▶ _WHAT TO DO_
Only the lines from the one containing "Load image into" to the end of the records belong in the output; print them exactly.

▶ _Stored records_
------------------------------------------------
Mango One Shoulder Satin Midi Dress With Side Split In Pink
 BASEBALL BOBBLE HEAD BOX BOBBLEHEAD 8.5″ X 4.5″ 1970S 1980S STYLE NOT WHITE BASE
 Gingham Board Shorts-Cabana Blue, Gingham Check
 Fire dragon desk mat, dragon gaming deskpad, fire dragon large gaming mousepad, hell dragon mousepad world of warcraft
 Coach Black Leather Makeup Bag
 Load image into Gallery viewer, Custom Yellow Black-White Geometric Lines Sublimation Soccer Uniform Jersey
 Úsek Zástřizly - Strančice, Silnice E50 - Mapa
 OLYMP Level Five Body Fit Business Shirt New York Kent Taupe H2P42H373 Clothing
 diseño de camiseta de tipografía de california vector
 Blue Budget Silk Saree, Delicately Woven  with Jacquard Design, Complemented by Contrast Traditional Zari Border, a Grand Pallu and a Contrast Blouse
------------------------------------------------
▶ _SOLUTION FOR THIS PROBLEM_
 Load image into Gallery viewer, Custom Yellow Black-White Geometric Lines Sublimation Soccer Uniform Jersey
 Úsek Zástřizly - Strančice, Silnice E50 - Mapa
 OLYMP Level Five Body Fit Business Shirt New York Kent Taupe H2P42H373 Clothing
 diseño de camiseta de tipografía de california vector
 Blue Budget Silk Saree, Delicately Woven  with Jacquard Design, Complemented by Contrast Traditional Zari Border, a Grand Pallu and a Contrast Blouse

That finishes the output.